The study estimates some 775 of these animal concentration camps now blot the watershed, producing more than twice the amount of sewage generated by Los Angeles and Chicago combined.  That waste, containing antibiotic-resistant bacteria, hormones, viruses and massive amounts of E. coli, is dumped, untreated and often to excess, on fields that drain into the Maumee.

Providing the proverbial final straw, that report motivated ACLE members to endorse a national campaign to ban factory “farms” organized by Food and Water Watch.  Previously, the group concentrated strictly on how these facilities affect Lake Erie water quality.  Supporting a ban has broadened the group’s concerns to include inhumane conditionsoveruse of antibiotics and the significant reduction in number of traditional family farms that used to include sustainable livestock operations.

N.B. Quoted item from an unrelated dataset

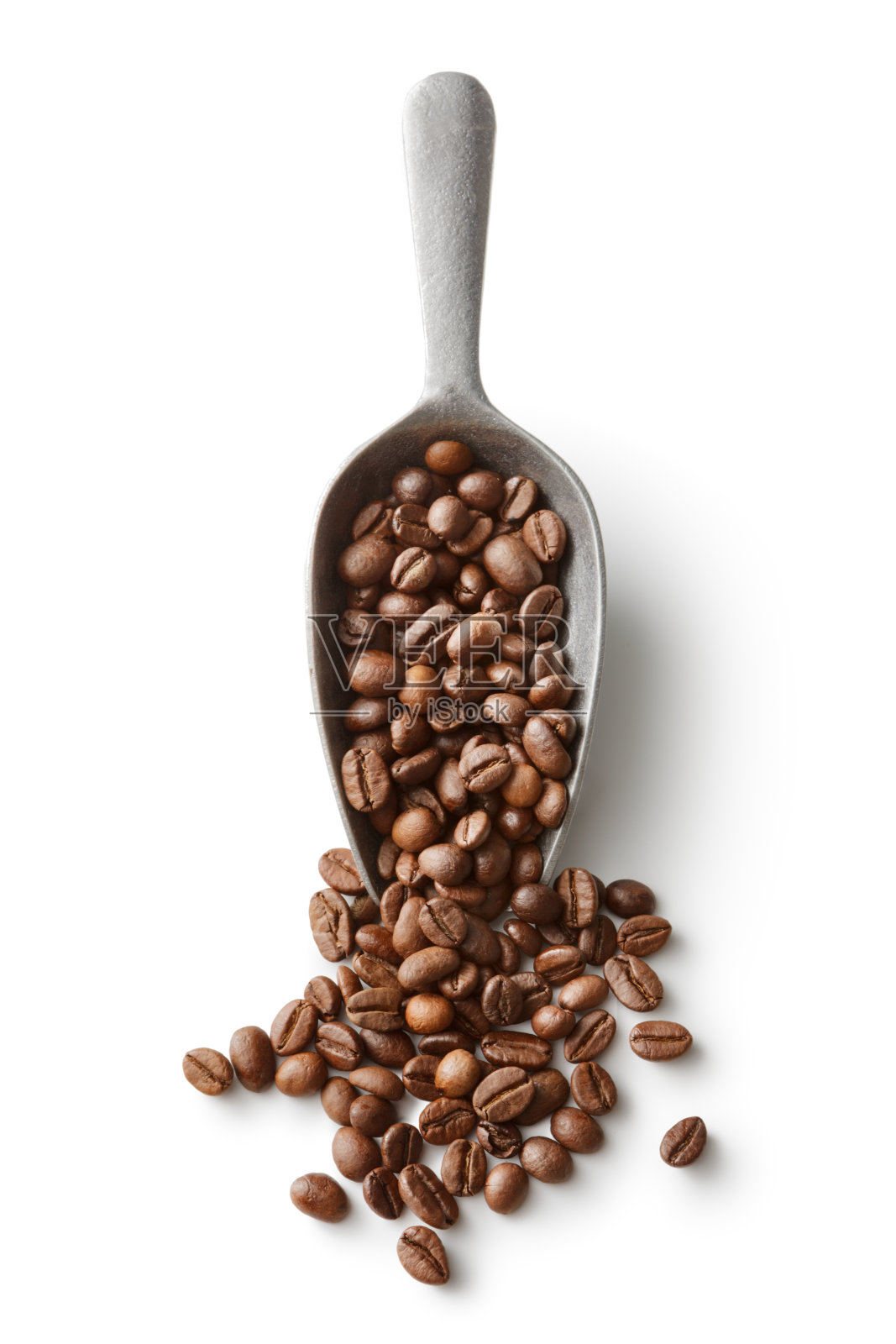 咖啡:咖啡豆在勺子孤立的白色背景照片摄影图片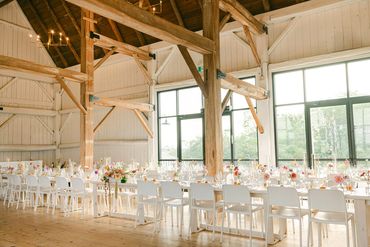 Harvest tables set up inside a white washed rustic barn.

Coincidentally, an article in the UK Guardian postulates that a successful strategy for Democratic presidential candidates to win rural votes would be to support a moratorium on any more of these massive operations, given their impact on air and water quality in the immediate areas where they’re sited.

Of course, waiting for significant change to come from the top has been disproven time and again, so both TSW and ACLE say Lake Erie’s fate will be determined by whether people become angry enough to wield the power of democracy to defend nature.